New investors are acquiring control of Sino Swearingen Aircraft and finalizing plans to resume production of the SJ30-2 business twinjet.
Sino Swearingen’s current owner, the government of Taiwan, will retain a minority stake in the company. Terms of the deal were not disclosed, but a company spokesman characterized the amount of the investment as “substantial” and “sufficient to restart production.” He also said that the new investors–London-based Action Aviation and Brentwood, Calif.-based ACQ Capital–had acquired “considerably more than” 51 percent of the company. The transaction is expected to close next month, but the investors are putting funds into the company now.
The new owners plan to retain the company’s workforce of 350 at Sino’s San Antonio, Texas and Martinsburg, W. Va. locations, including company management “for now,” the spokesman said. He added that the company plans to continue operating at its present locations. In the next 30 days company officials will meet with critical vendors in an attempt to restart the flow of parts to the jet’s production line. The plan is to facilitate the completion of eight SJ30s that are in various stages of assembly and deliver those aircraft to customers.

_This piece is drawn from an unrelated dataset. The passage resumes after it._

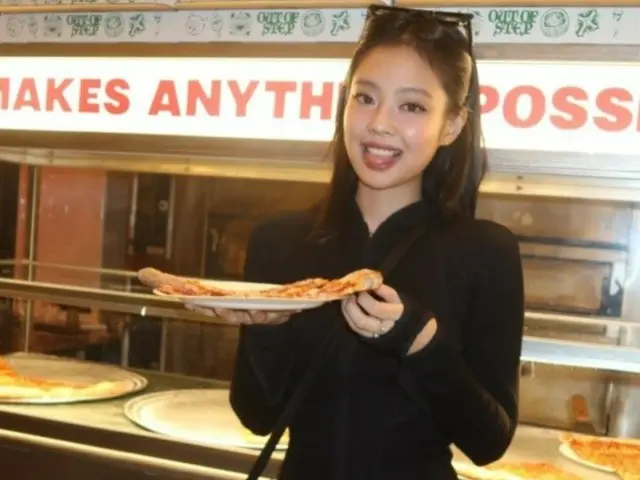 ``BLACKPINK'' Jennie tampak hebat dalam busana bermotif macan tutul... bintang yang bersemangat dengan pizza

The spokesman estimated that it would take anywhere from 12 to 18 months to bring the company up to full and orderly production. “It’s going to be a slow ramp-up,” he said. Sino currently has 276 “active orders.” “We’ve never had trouble with selling the airplane,” the spokesman said, “just building it.”
Action Aviation is the world’s largest SJ30 dealer and is chaired by Hamish Harding. Action has booked orders for 159 SJ30s and Harding owns S/N 7. John Sabovich, a pilot, is chairman of ACQ Capital. On its Web site, ACQ said that it has plans to acquire $200 million worth of real estate this year.